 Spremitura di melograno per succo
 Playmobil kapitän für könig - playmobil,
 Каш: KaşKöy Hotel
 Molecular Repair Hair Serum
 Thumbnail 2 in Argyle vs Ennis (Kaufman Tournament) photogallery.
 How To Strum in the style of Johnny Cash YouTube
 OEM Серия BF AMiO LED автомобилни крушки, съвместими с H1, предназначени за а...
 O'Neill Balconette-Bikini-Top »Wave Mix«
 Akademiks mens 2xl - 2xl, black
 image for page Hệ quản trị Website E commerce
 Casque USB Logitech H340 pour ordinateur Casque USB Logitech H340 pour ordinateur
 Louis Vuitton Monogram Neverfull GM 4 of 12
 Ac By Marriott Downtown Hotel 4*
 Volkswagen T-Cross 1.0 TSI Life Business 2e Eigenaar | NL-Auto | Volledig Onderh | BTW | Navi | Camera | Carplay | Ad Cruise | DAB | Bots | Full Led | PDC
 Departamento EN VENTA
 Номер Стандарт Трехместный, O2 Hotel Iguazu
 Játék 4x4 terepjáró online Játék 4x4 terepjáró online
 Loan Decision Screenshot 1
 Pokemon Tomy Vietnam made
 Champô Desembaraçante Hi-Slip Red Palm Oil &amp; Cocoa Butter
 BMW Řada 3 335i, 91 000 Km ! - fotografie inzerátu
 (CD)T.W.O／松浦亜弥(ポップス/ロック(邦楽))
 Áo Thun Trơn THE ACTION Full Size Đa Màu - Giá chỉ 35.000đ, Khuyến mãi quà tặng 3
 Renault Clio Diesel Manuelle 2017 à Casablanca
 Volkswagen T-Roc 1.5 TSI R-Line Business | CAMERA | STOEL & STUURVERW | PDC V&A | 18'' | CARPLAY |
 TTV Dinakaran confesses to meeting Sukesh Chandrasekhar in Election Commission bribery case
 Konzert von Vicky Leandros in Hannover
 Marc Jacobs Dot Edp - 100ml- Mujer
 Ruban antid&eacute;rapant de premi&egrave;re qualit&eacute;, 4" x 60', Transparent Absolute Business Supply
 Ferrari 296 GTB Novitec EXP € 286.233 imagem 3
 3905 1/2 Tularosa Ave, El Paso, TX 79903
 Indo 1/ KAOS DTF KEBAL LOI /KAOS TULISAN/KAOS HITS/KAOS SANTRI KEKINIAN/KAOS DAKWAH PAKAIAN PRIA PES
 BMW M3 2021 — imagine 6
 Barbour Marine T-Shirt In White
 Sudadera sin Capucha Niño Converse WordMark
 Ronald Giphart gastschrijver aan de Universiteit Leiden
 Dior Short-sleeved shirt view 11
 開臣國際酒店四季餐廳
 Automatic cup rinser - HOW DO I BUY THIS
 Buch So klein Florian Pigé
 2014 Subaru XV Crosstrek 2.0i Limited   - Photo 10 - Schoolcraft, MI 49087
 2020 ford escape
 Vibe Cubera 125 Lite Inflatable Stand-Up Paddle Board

Work to be completed:
Take the listing above and repeat exactly the lines from the one containing "Volkswagen T-Roc 1.5" through the one containing "3905 1/2 Tularosa Ave, El Paso, TX 79903", both included.

Exercise solution:
 Volkswagen T-Roc 1.5 TSI R-Line Business | CAMERA | STOEL & STUURVERW | PDC V&A | 18'' | CARPLAY |
 TTV Dinakaran confesses to meeting Sukesh Chandrasekhar in Election Commission bribery case
 Konzert von Vicky Leandros in Hannover
 Marc Jacobs Dot Edp - 100ml- Mujer
 Ruban antid&eacute;rapant de premi&egrave;re qualit&eacute;, 4" x 60', Transparent Absolute Business Supply
 Ferrari 296 GTB Novitec EXP € 286.233 imagem 3
 3905 1/2 Tularosa Ave, El Paso, TX 79903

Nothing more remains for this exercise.